Fast forward thirty more years and Slick, who will be eighty this October, has once again achieved ambiguity. After “Nothing’s Gonna Stop Us Now” appeared in a recent commercial for Chick-Fil-A (seemingly not viewable online), she published an op-ed in Forbes to say she’d let the fast-food chain use her song not despite, but because of, its widely-noted homophobia, which she deplores. “I am donating every dime that I make from that ad to Lambda Legal, the largest national legal organization working to advance the civil rights of LGBTQ people, and everyone living with HIV,” Slick writes. In a near-parody of morally compromised boomer self-satisfaction, she goes on to explain that this is because she’s “from a time when artists didn’t just sell their soul to the highest bidder, when musicians took a stand, when the message of songs was ‘feed your head,’ not ‘feed your wallet.’” After quoting herself, she quotes J-Lo quoting Toni Morrison, and then closes with a quote from “Nothing’s Gonna Stop Us Now.” It is, how you say, far out.

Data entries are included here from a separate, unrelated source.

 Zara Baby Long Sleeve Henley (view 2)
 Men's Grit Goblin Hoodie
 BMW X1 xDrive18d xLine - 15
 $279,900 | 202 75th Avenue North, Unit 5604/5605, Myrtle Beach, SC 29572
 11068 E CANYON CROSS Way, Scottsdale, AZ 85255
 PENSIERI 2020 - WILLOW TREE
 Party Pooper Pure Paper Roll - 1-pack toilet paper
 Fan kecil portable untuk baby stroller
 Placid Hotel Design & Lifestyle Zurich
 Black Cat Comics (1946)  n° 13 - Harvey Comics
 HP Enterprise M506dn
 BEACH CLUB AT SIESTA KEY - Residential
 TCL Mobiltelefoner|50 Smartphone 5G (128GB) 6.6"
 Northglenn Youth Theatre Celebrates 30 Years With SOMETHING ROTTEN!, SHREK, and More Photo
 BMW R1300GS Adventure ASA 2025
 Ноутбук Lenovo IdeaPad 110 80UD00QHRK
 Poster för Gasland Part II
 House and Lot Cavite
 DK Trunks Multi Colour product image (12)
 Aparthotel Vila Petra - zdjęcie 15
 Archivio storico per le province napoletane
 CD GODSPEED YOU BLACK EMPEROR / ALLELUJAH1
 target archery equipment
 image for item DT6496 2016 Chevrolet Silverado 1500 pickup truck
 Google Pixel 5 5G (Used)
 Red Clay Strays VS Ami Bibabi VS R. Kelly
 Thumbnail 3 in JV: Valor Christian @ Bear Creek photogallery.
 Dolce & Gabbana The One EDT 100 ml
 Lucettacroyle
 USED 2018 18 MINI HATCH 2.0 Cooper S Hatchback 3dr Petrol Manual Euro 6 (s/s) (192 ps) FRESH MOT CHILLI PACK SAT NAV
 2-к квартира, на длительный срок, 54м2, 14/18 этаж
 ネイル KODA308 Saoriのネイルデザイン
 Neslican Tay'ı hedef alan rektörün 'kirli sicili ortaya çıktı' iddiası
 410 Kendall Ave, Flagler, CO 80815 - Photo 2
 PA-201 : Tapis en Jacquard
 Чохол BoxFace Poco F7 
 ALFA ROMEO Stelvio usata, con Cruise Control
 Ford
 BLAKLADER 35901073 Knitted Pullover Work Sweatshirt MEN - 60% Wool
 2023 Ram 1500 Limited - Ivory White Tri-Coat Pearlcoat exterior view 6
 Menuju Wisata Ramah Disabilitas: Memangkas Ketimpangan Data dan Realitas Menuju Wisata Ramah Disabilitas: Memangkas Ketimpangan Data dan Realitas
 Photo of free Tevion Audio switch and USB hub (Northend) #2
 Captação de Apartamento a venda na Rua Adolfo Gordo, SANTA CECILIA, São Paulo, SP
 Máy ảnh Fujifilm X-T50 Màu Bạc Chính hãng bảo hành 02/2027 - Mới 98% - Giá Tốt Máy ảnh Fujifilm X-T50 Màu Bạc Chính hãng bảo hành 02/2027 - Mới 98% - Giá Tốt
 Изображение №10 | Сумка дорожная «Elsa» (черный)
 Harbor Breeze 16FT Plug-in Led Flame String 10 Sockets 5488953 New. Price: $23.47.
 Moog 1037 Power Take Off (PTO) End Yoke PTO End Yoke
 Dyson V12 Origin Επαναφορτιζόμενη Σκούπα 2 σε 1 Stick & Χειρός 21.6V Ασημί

Grace Slick’s impulse to support Lambda Legal is wonderful (you can donate to that worthy organization right here, without having to think about hate-chicken or listen to Starship). But this logic is a little melty. The whole nature of advertising is that Chick-Fil-A will have already determined that this commercial stands to spur more in sales revenue than it costs in song licensing. The Big Bad Chicken then uses that money to fund organizations that antagonize gay folks. Even if we can conceive of a social calculus in which Slick’s contributions to Lambda Legal cancel out the harms her song enables, this is a zero-sum scenario. At best, we eat the chicken, shit it out, and move on with our lives. I’m all for shitting every day, but taking a stand it is not.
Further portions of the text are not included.